During training, the cross-entropy loss is used as the optimization objective, and a label smoothing strategy is applied to improve generalization, with the smoothing factor set to 0.2. The model is trained for 100 epochs with a batch size of 16. The AdamW optimizer is adopted with a weight decay of 0.05, and gradient norm clipping is applied with a maximum value of 28 to stabilize training. The initial learning rate is set to 0.006 and is dynamically adjusted using a cosine annealing schedule to ensure stable convergence throughout training.

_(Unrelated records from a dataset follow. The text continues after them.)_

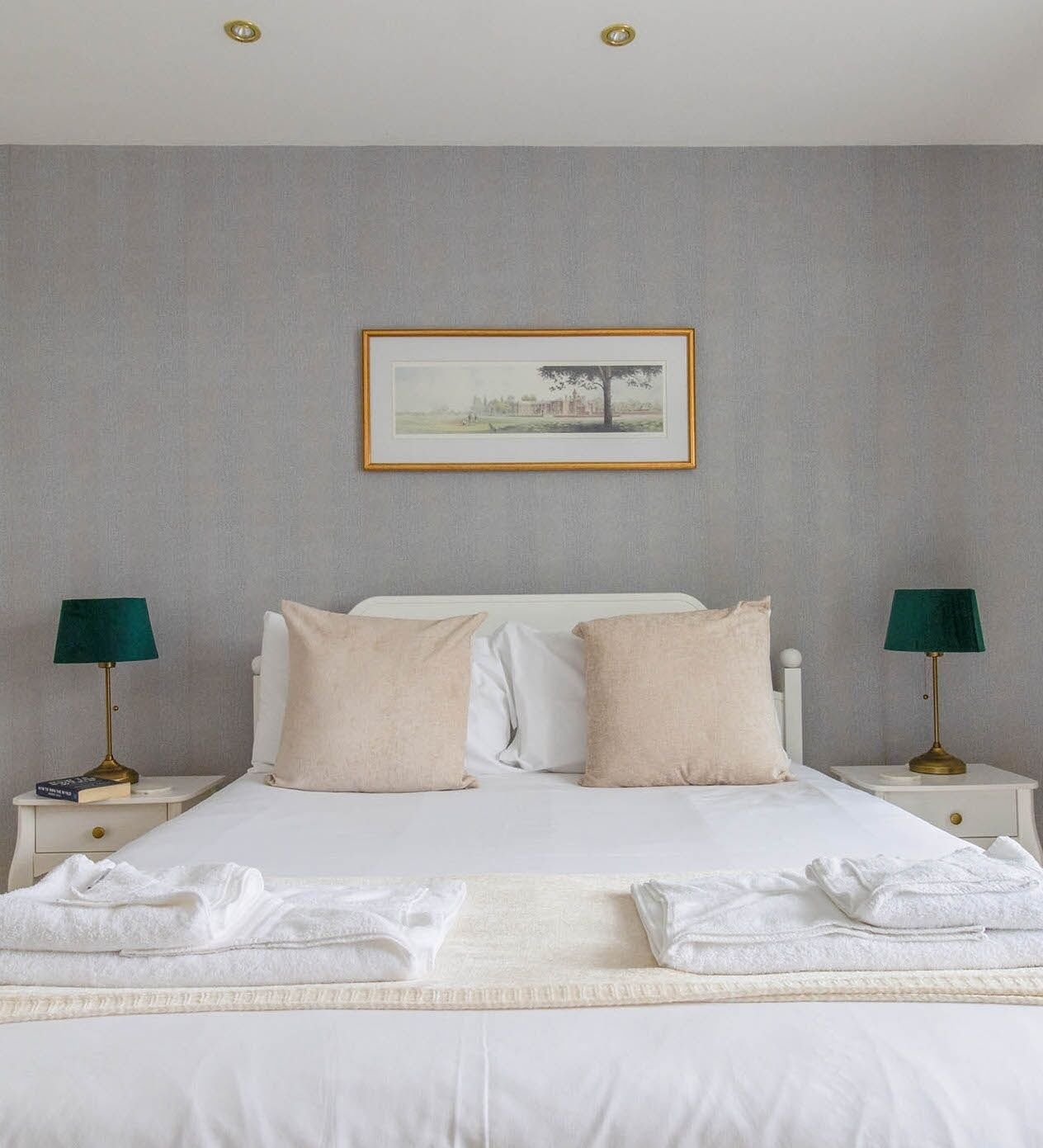 A neatly made bed with white linens and two pillows, flanked by two bedside tables with lamps, in a room with a grey textured wall and a framed picture above the bed.
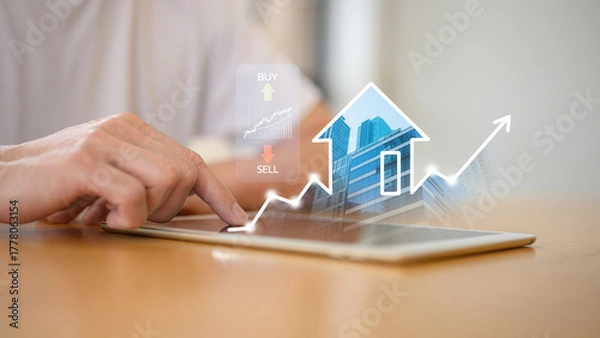 Fototapeta Businessman using digital tablet with real estate growth graph property value for real estate investment concept  new home for the family, home search, land price, property tax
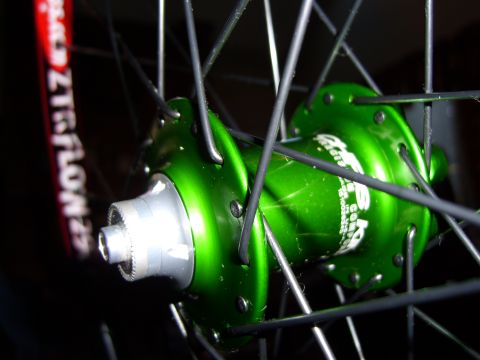 1972 Ford Ranchero - Close-up of a bicycle wheel hub, showing its metallic green finish and spokes.
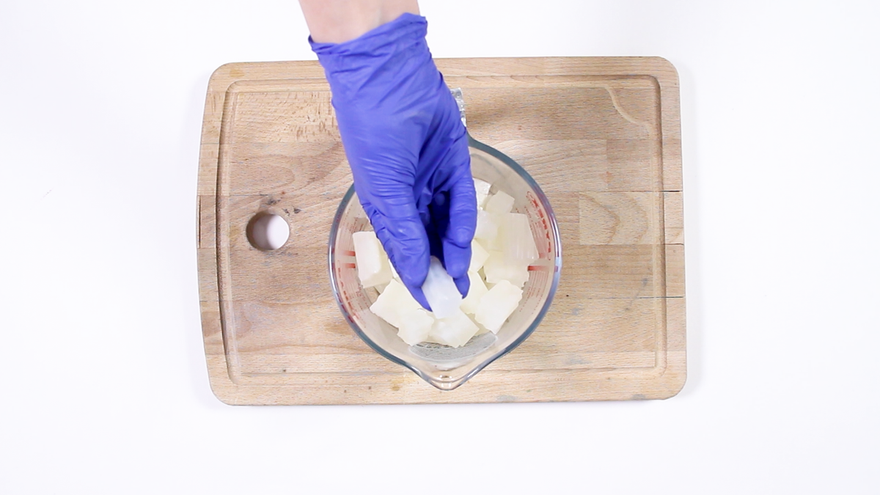 Purple-gloved hand placing white soap base cubes into a glass measuring bowl on a wooden cutting board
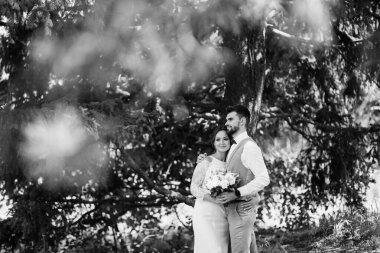 Bir erkek ve bir kız yeni evliler yazın ormanda yürüyorlar.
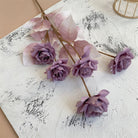 purple-fake-rose-stem-event-decor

For the main ablation results in overall module ablation results on S3DIS Area 5, each configuration was evaluated over three independent runs with different random seeds. The reported results are averaged across these runs, and the mean with standard deviation of mIoU is additionally provided to reflect performance stability, as mIoU is the primary evaluation metric for semantic segmentation. For the remaining ablation and comparison experiments, all results are obtained from a single run with a fixed random seed to ensure fair and consistent comparisons across different methods and configurations.

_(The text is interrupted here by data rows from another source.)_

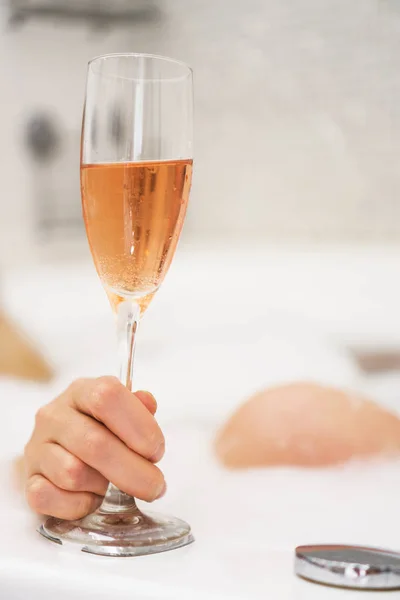 Femme avec un verre de vin est relaxant dans la baignoire . — Photo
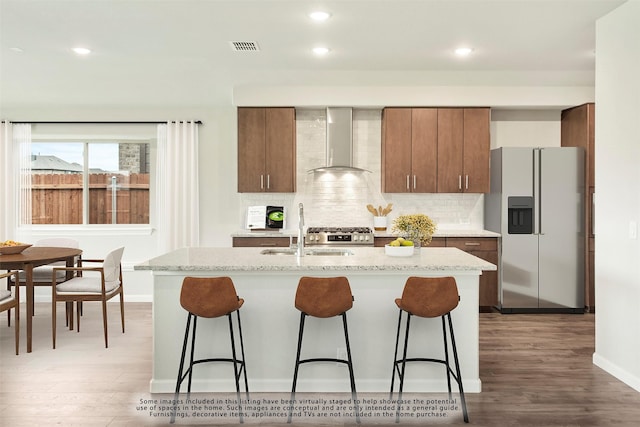 kitchen with stainless steel refrigerator with ice dispenser, wall chimney exhaust hood, sink, an island with sink, and decorative backsplash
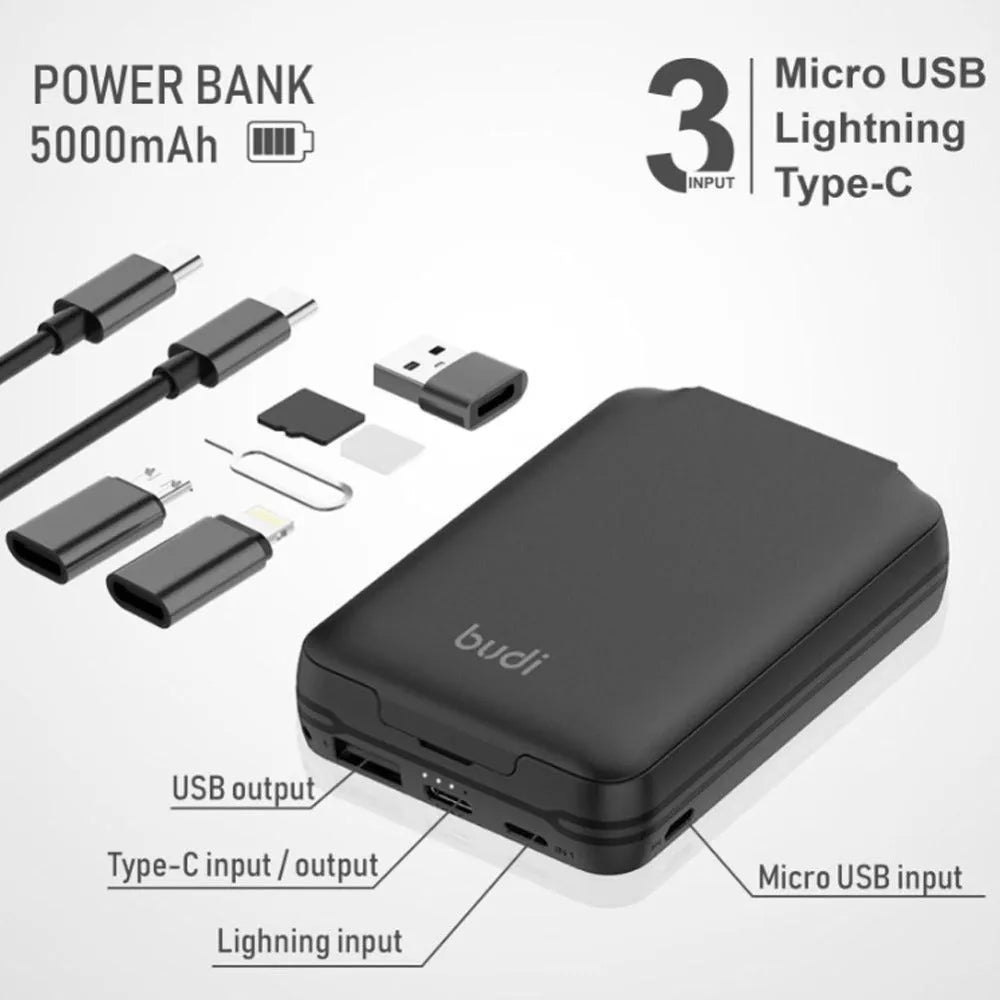 Black budi multi-functional power bank with cables and SIM kit on a table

To evaluate the effectiveness of the proposed Multi-Scale Feature Enhancement (MSFE) and Convolution-Attention Mixing (CA-Mix) modules, systematic ablation studies are conducted on the PointNeXt baseline [8]. All experiments are carried out under the same data split, training strategy, and evaluation settings to ensure fair comparison.
As shown in Table 1, progressively introducing MSFE and CA-Mix into the PointNeXt baseline leads to consistent improvements in segmentation performance. When MSFE is added alone, the mIoU increases from 63.45% to 64.50%, while both OA and mAcc also improve slightly. This improvement indicates that multi-scale feature enhancement helps recover geometric details lost during hierarchical downsampling. When CA-Mix is introduced independently, the mIoU increases to 64.82%, suggesting that incorporating non-local contextual interaction improves semantic discrimination in complex indoor scenes. Compared with MSFE, CA-Mix yields a larger performance gain, indicating that it plays a more dominant role in driving the overall improvement, while MSFE mainly provides complementary enhancement.

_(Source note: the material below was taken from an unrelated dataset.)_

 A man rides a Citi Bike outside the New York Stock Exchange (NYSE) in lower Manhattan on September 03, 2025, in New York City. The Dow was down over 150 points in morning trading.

When both modules are integrated, the proposed PointNMSA achieves the best performance with 65.05% mIoU, 88.78% OA, and 71.30% mAcc. However, the combined improvement is smaller than the sum of their individual gains, indicating that the two modules are not strictly additive. This can be attributed to their partially overlapping effects in structurally complex regions, which limit the accumulated gain. Such overlap is more likely to occur in categories characterized by ambiguous boundaries or fine-grained structures (e.g., window and board), where both global context and local geometric details are simultaneously required, leading to partially redundant improvements. Similarly, for thin or sparsely represented structures (e.g., column), both modules may respond to the same structural cues, further reducing the independence of their contributions. Therefore, the advantage of combining the two modules lies not in a simple superposition of gains, but in achieving a better balance between geometric detail preservation and contextual semantic discrimination.
The relatively small standard deviations reported in Table 1 (ranging from ±0.14 to ±0.18) indicate that the performance variations across independent runs remain limited, suggesting that the observed improvements are consistently achieved rather than caused by random fluctuations.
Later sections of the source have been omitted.